The proposed development plan is shown, with entrance and exit. Courtesy VHB

By Paul Palmer

Staff Writer

SIMSBURY – A local developer has released plans to turn the long vacant Wagner Ford property along Hopmeadow Street in Simsbury into a site with retail and restaurants. Prospect Enterprises, LLC wants to build a Starbucks, a Chipotle, a drive through ATM, and a standalone building that could house up to three shops in the space located adjacent to the Big Y supermarket. Greg Nanni, the GM for Prospect Enterprises, told the Zoning Commission that the company had owned the property since the 1960s and leased it to the Wagner family when they had the dealership at 1263 Hopmeadow.

The old Wagner buildings currently on the site.

The Starbucks and the Chipotle will each be about 2,400 square feet while the retail space – which will sit furthest back from Hopmeadow Street – could be 11,600 square feet. In an effort to address concerns with traffic, Paul Vitaliano of VHB Engineering , said the Chipotle will not have a traditional drive through, instead the restaurant will take orders and payment on its App, give customers a pickup time and deliver the food in a drive-up window. If an order is late, the customer will be directed to wait in a parking area.

“The drive-through lines are not as long as traditional ones, and wait times are less than normal,” Vitaliano said. The restaurant will have dine-in and counter takeout as well as a patio area. Starbucks will be a traditional store with a drive through but will have a split in the pickup lanes to decrease any backups. “Cars will not back up to Hopmeadow Street,” Vitaliano said. “We were very cognizant of that.”

To create the new plaza, Prospect Enterprises is seeking a special exemption allowing an increase from 40 to 60% of the impervious surface. Vitaliano pointed out that at the site now, it is well above 80% so even with the increase to the town limit it would still offer a reduction. He also spoke about the new sidewalks that are going in in that area and the need to work together with the planners involved.

Board members raised concerns about any remediation work that might need to be done from the chemicals that could be in the ground from the car dealership. Nanni said that the site had been fully characterized and there is some remediation that will need to be done before they begin any construction. By far the biggest concern raised by members of the Commission had to do with traffic. VHB’s traffic engineer Charlie Baker said their estimates showed that the number of trips would increase by 206 per hour during the morning rush hour, 168 in the afternoon rush hour and 256 during peak hours on Saturday. Those numbers would push the total number of trips being made to the area along Hopmeadow Street to between 520 and 740 per day. “Ten percent will be multi use with folks going to both Big Y and one of our locations,” Baker said. “Another 10% are ‘pass-by’s,’ that is people who are driving by and decided to get a cup of coffee.” He agreed that while the increase in traffic would cause some delays, they did not believe it would have a significant impact on traffic.

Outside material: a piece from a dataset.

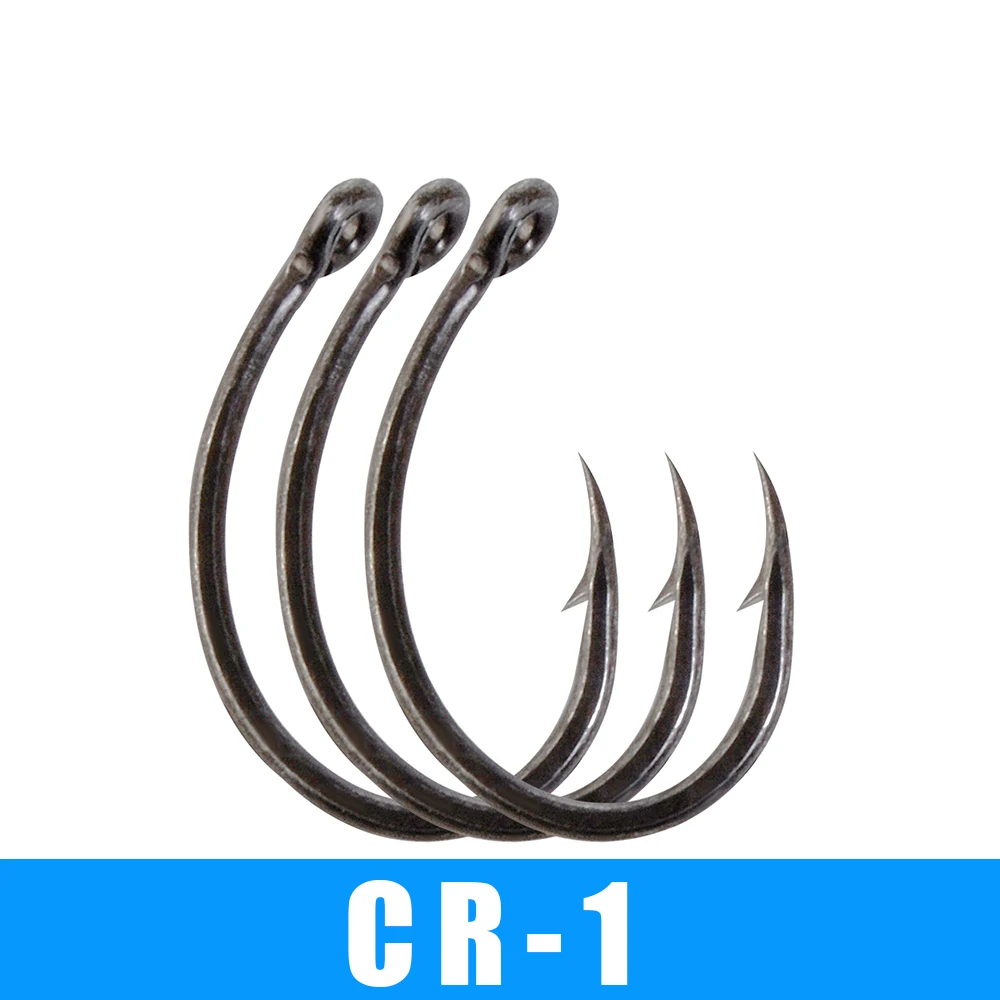 FISH KING 3pack/lot CR-1 Fishing Hook Size 2# 4# 6# 8# High Carbon Steel Hooks Jig Barbed Carp Anzol Ring eye | Спорт и развлечения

Several Commission members disagreed, citing their personal experience of long lines of traffic already in the area. Of significant concern to members was the plan to allow drivers to make a left turn from Hopmeadow Street into the plaza, crossing over traffic moving in the opposite direction. The planned entryway off Hopmeadow, allowing cars in and out, sits just feet from the Big Y entry/exit traffic light. Many concerns were raised about the possibility of backed-up traffic along Hopmeadow waiting to turn in.

“You would need to put a physical median on the street to prevent people from making that left turn,” Baker said. At least one member asked if that entrance could be removed from the plans. The driveway is split with a right turn only exit onto Hopmeadow Street on one side and the other being the entrance that can be accessed from both directions. Customers could also use the Big Y entrance at the traffic light to come and go.

The Public Hearing on the request to allow up to a 50% increase to the maximum coverage allowed in the B-2 zone was continued until the next Zoning Commission meeting on July 17.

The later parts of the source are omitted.